══ Records to use ══
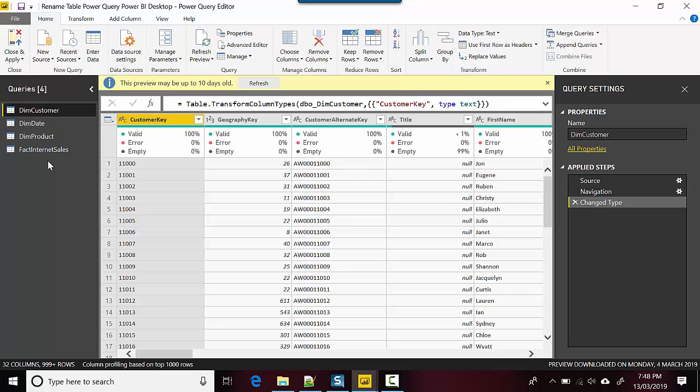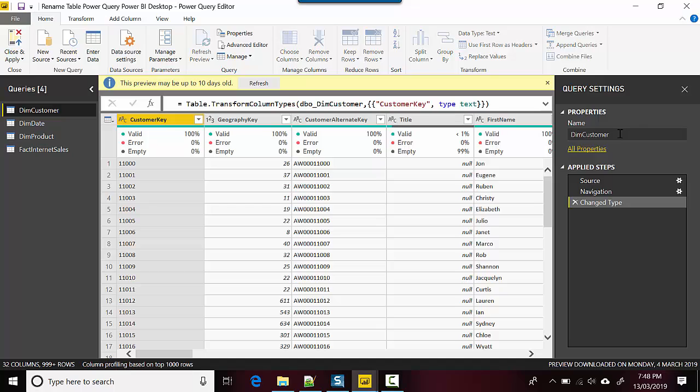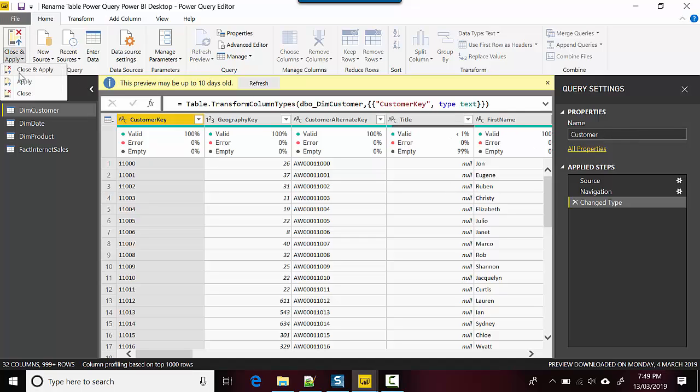And I've got the queries on the left hand side. What I can do is go into the properties and in place of dim customer I can just change the name to customer.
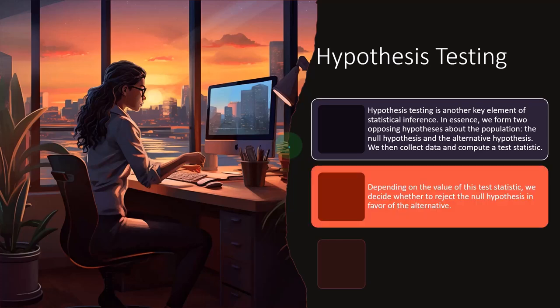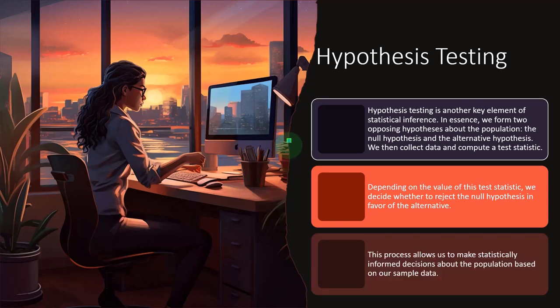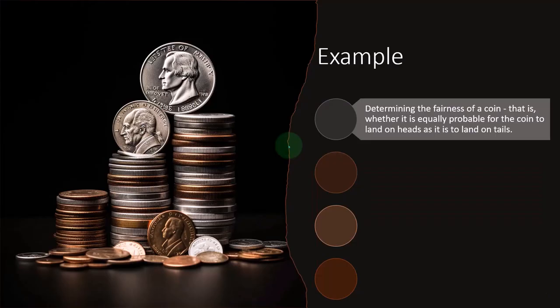So depending on the value of this test statistic, we decide whether to reject the null hypothesis in favor of the alternative. This process allows us to make statistically informed decisions about the population based on our sample data. So let's take a look at an example here.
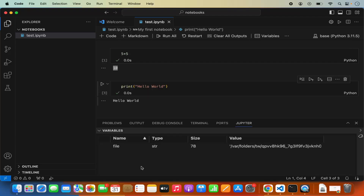So this is how you can add support for Jupyter notebook in your Visual Studio Code editor. I hope you've enjoyed this video and I will see you in the next one.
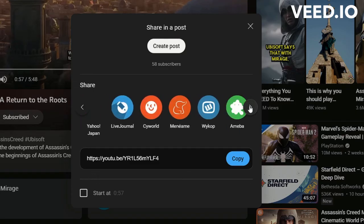YouTube already lets you share them through various links, embeds, formats, and social apps, but there may be occasions when you need to download videos for offline use or to be used somewhere for non-commercial purposes.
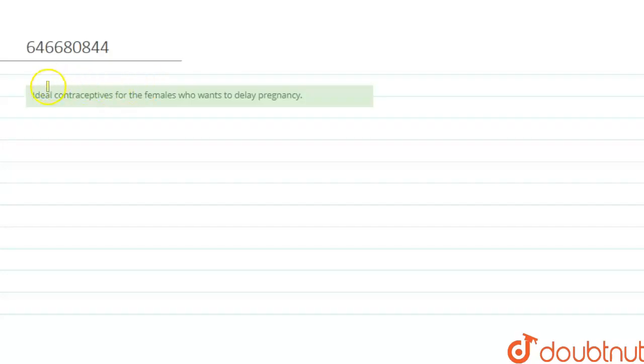Hello everyone. In this question we are asked, what are the ideal contraceptives for females who want to delay pregnancy?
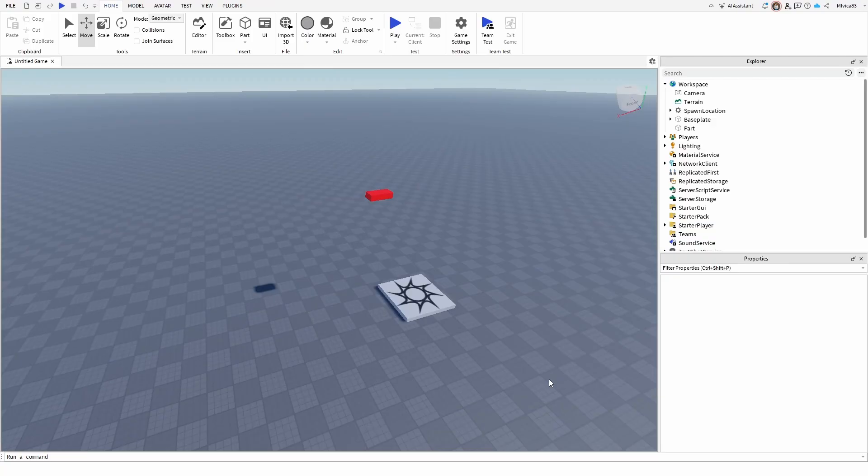Hey everybody, my name is Ivica. Thank you so much for joining me on my latest Roblox Studio beginner tutorial that will show you how you can freeze objects or parts in place.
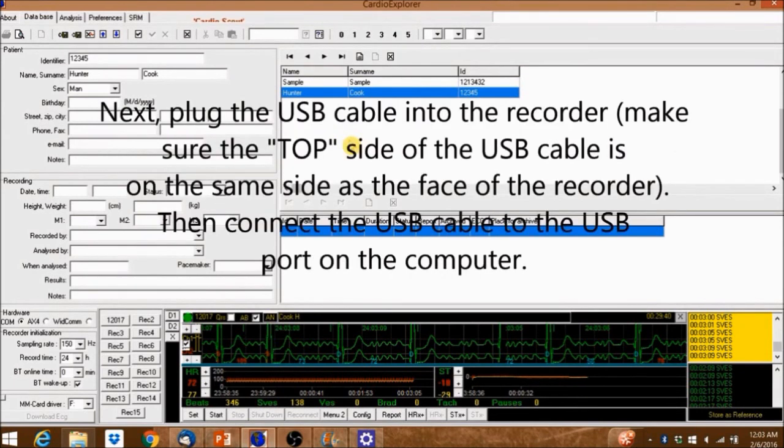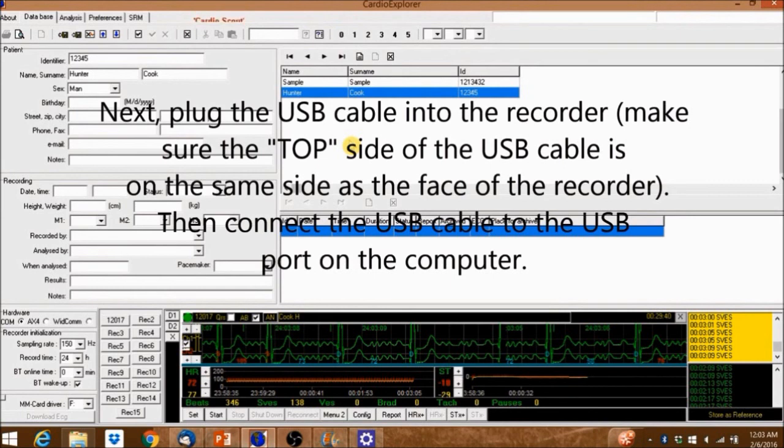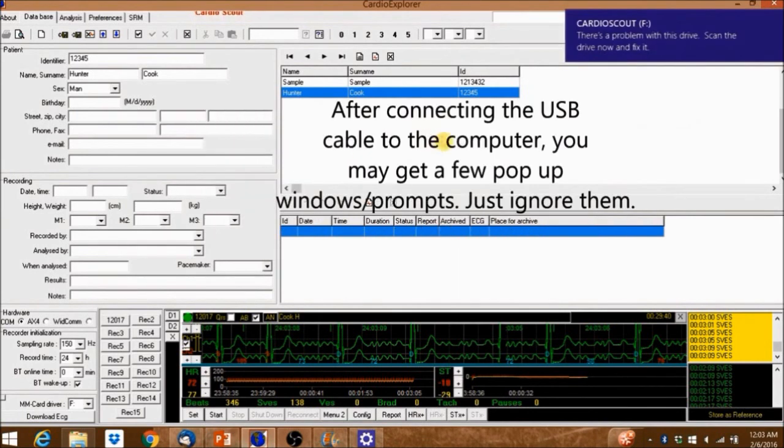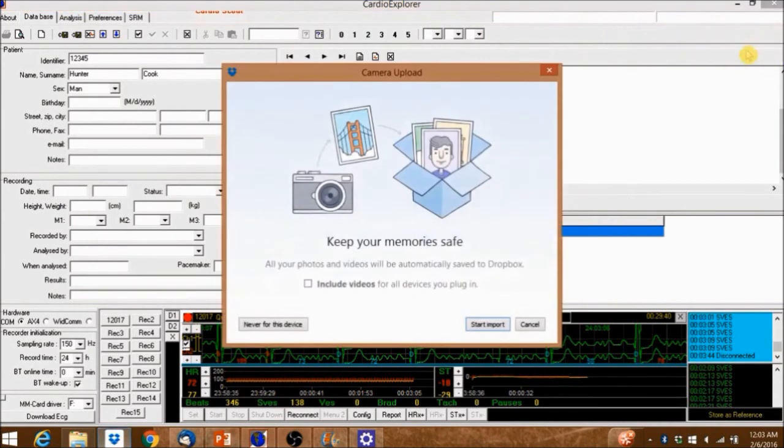Next plug the USB cable into the recorder making sure the top side of the USB cable is on the same side as the face of the recorder. Then plug the USB cable in. After connecting the USB cable to the computer you may get a few pop-up windows or prompts. Just ignore them.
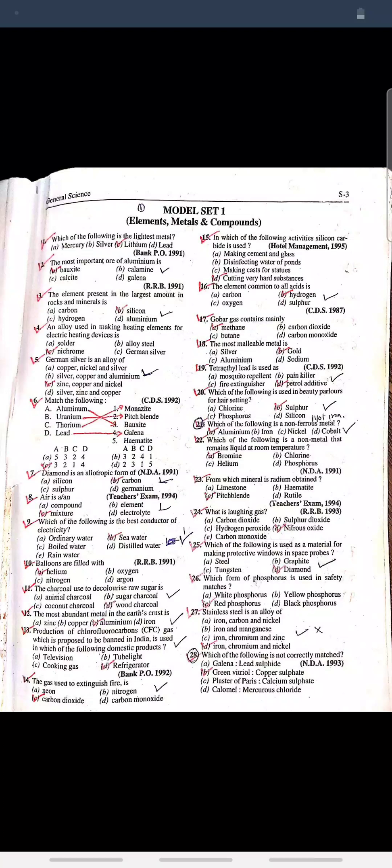Welcome to BPN Academy. Question: Which of the following is the lightest metal? Answer: Lithium.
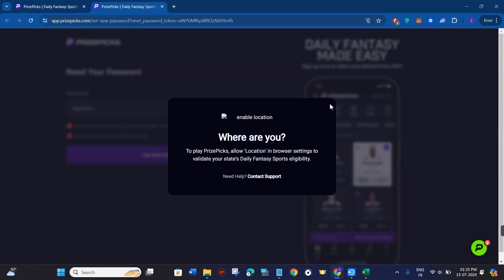Once you click on login, you will be landed on the login page where you will be able to see the reset password option. You just have to click on the reset password option, then you need to provide your email address. After that, you need to open your email inbox.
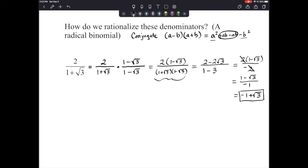If you have questions, please reach out. The key thing on this type of problem is the conjugate. If we have 1 plus radical 3, we multiply by 1 minus radical 3 — the only thing different is the sign in the middle.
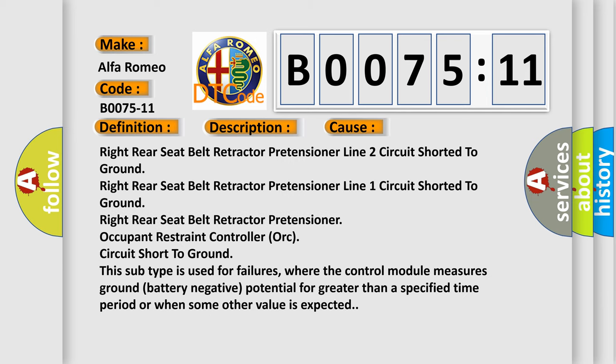This diagnostic error occurs most often in these cases: right rear seat belt retractor pretensioner line 2 circuit shorted to ground, right rear seat belt retractor pretensioner line 1 circuit shorted to ground, right rear seat belt retractor pretensioner, occupant restraint circuit short to ground. This subtype is used for failures where the control module measures ground-biased negative potential for greater than a specified time period or when some other value is expected.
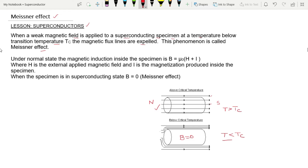Under the normal state, the magnetic induction inside the specimen is B = μ₀(H + I), where H is the externally applied magnetic field and I is the magnetization produced inside the specimen.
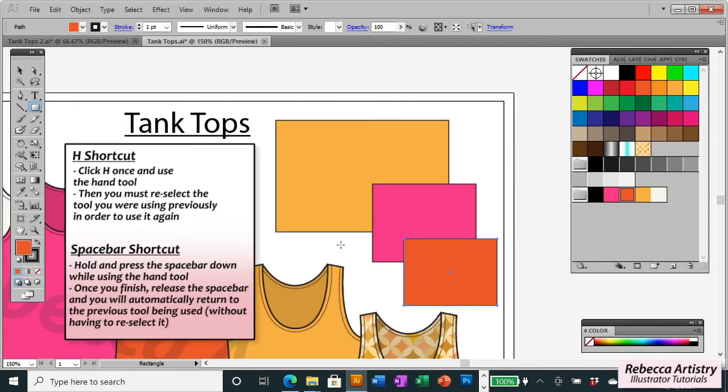So that's the difference between the H shortcut and the spacebar shortcut. The H shortcut changes your tool to the hand tool until you manually change it to another tool. With the spacebar shortcut, as soon as you finish using your hand tool and release the spacebar, it automatically goes back to the last tool you were using without you having to select it again.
═══
The required answer is every line from the one containing "Welcome to BPN" through the last line of the entries, restated word for word and with no pictures.

Welcome to BPN Academy. Question: Which of the following is the lightest metal? Answer: Lithium.
Once you click on login, you will be landed on the login page where you will be able to see the reset password option. You just have to click on the reset password option, then you need to provide your email address. After that, you need to open your email inbox.
If you have questions, please reach out. The key thing on this type of problem is the conjugate. If we have 1 plus radical 3, we multiply by 1 minus radical 3 — the only thing different is the sign in the middle.
This diagnostic error occurs most often in these cases: right rear seat belt retractor pretensioner line 2 circuit shorted to ground, right rear seat belt retractor pretensioner line 1 circuit shorted to ground, right rear seat belt retractor pretensioner, occupant restraint circuit short to ground. This subtype is used for failures where the control module measures ground-biased negative potential for greater than a specified time period or when some other value is expected.
Under the normal state, the magnetic induction inside the specimen is B = μ₀(H + I), where H is the externally applied magnetic field and I is the magnetization produced inside the specimen.
So that's the difference between the H shortcut and the spacebar shortcut. The H shortcut changes your tool to the hand tool until you manually change it to another tool. With the spacebar shortcut, as soon as you finish using your hand tool and release the spacebar, it automatically goes back to the last tool you were using without you having to select it again.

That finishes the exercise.